The speaker went on to deride the Recovery Version of the Bible. He says, “One of the other traits that mark this as cultic is that they have in their so-called Bible studies Recovery Versions of the Bible.” Does the translating of the Bible make the translator cultic? What a slander this is! He goes on, “The Recovery Version consists of the text of Scripture, sometimes altered or added to by Lee.” I have had six years of Greek and three years of Hebrew, and I find that the Recovery Version is an accurate and true translation of the original language of the Bible, not the Scripture text “sometimes altered or added to.” In comparison, Letters to Street Christians, a paraphrase of the Epistles, whose author, Jack Sparks, the writer of The Mindbenders is endorsed by the speaker, is written in language that not only is of the street, but at times goes into the gutter. I would be ashamed to give a copy to my sister, mother, wife, or daughter.
Having spent fourteen years under some of the best Bible expositors, I was surprised when I came to the church in Los Angeles to find that the Lord had gone on and had opened the Word of God through the ministry of Witness Lee in a way that was far beyond what I had seen or heard. For this rich ministry of the Word I am grateful because this ministry has changed my life and living.

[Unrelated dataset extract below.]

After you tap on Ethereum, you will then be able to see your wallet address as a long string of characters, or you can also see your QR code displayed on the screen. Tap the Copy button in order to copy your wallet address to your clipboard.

In the meeting at Melodyland opposing Witness Lee and the local churches, the speaker made a very serious charge. He said, “One of the other traits that mark this [the local churches] as cultic is that they have in their so-called Bible studies Recovery Versions of the Bible. The Recovery Version consists of the text of Scripture, sometimes altered or added to by Lee.”
He is charging Witness Lee with altering and adding to the text of the Scripture. We want to answer this charge strongly and clearly. I personally, together with Witness Lee and two other brothers, am responsible for the text of the Recovery Versions. I can state with absolute certainty that the words of the text have never been altered or added to. Every week we meet together and cover a large table, four feet wide and eight feet long, with all kinds of versions of the Bible, together with the inter-linear Greek-English text and numerous word studies and lexicons. Our goal is to ascertain from the original language, by comparison with many versions, and with the help of word studies and lexicons, the most precise wording in modern English to utter the sacred text. We do this work very strictly, carefully, and prayerfully, word by word, phrase by phrase, verse by verse.

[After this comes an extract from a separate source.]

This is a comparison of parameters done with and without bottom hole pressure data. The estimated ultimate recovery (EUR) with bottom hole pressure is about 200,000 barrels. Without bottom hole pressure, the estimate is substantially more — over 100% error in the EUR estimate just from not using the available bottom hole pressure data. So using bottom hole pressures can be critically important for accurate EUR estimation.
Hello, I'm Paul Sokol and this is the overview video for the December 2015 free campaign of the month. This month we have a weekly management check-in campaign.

Every time before we translate, we pray, “Lord, renew our minds and cover us with Your precious blood. Keep us fully in the Spirit, and may Your Word come forth just as You would want it.” We seek to be those who are poor and contrite in spirit, who tremble at His word (Isa. 66:2, Heb. ), and not be “as many, which corrupt the word of God” (2 Cor. 2:17). Thus, we are absolutely not altering the text or adding anything to it. We consider our version to be the most accurate.
We ask the speaker at Melodyland to point out which word, which verse, in which chapter, we have altered or added. Let him show us, if he can, one instance in the Recovery Version that is not true to the original language of the Bible. He has made a serious, and we believe, a reckless and unsupported charge.
Because of the nature of this charge, having to do with the Word of God and our fundamental faith, we declare that this is something for which the speaker is legally responsible. We all know that if anyone alters or adds to the Word of God, it is a most despicable and abominable thing, deserving of the curse of God (Rev. 22:18-19). So to charge us with such a sinful act is not a light matter. We must make this matter very clear. We ask the speaker to respond. If he really considers that some part of our text is at fault, he should point out specifically the problem. If he is unable to do this, he certainly should apologize and make public rectification, for he has made such a gross charge in public.
Moreover, the speaker says that the fact that we have made another version of the Bible is “one of the…traits that mark [the local churches] as cultic.” But, we ask, “Is it cultic to have another version?” Because some heretical cult like the Jehovah’s Witnesses have their own translation, does it make us cultic because we have been burdened to produce another version? This is not sound reasoning. Because the unbelievers build houses and we also build houses, does that make us unbelievers? “Judge not according to the appearance, but judge righteous judgment” (John 7:24).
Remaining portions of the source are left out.